In a Jan. 8 column, The New York Times called Annan ``Saddam's greatest single asset at the U.N.'' Columnist A.M. Rosenthal charged that Annan worked with Iraq's sympathizers to ``whittle U.N. arms inspections down to a useless splinter and lift U.N. economic sanctions on Iraq.''
One of Annan's top advisers, John Ruggie, countered the charges in an opinion piece in The Washington Post on Sunday, saying the allegations were without merit and triggered by frustration that Iraq hasn't obeyed U.N. resolutions.
The criticism comes in sharp contrast to Annan's relatively trouble-free first two years in office, when it seemed the career U.N. bureaucrat could do almost no wrong.
Annan spokesman Fred Eckhard acknowledged Tuesday that the honeymoon may be over.

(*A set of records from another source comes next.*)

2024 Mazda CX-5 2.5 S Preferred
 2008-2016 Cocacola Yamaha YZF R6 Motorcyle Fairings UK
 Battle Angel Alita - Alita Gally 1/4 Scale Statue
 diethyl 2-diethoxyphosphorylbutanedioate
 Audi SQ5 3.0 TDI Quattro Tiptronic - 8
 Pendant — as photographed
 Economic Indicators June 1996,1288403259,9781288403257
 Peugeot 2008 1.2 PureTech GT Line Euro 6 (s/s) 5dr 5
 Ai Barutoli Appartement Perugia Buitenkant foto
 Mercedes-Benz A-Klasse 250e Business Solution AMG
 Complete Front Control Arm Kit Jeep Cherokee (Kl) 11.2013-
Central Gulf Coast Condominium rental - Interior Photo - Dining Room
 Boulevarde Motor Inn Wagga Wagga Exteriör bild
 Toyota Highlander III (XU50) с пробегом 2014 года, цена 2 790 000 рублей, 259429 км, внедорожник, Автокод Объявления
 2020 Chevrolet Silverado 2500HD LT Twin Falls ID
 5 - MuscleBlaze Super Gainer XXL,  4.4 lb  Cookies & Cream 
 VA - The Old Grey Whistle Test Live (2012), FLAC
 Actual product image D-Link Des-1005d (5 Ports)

``When you are acting as he is at a certain level of prominence in world affairs, you expect to take your knocks,'' Eckhard said.
In his speech Tuesday night, Annan told his critics that a U.N. secretary-general cannot be judged by the same standards as a head of state because he is bound by the demands and interests of 185 heads of state -- the U.N. membership.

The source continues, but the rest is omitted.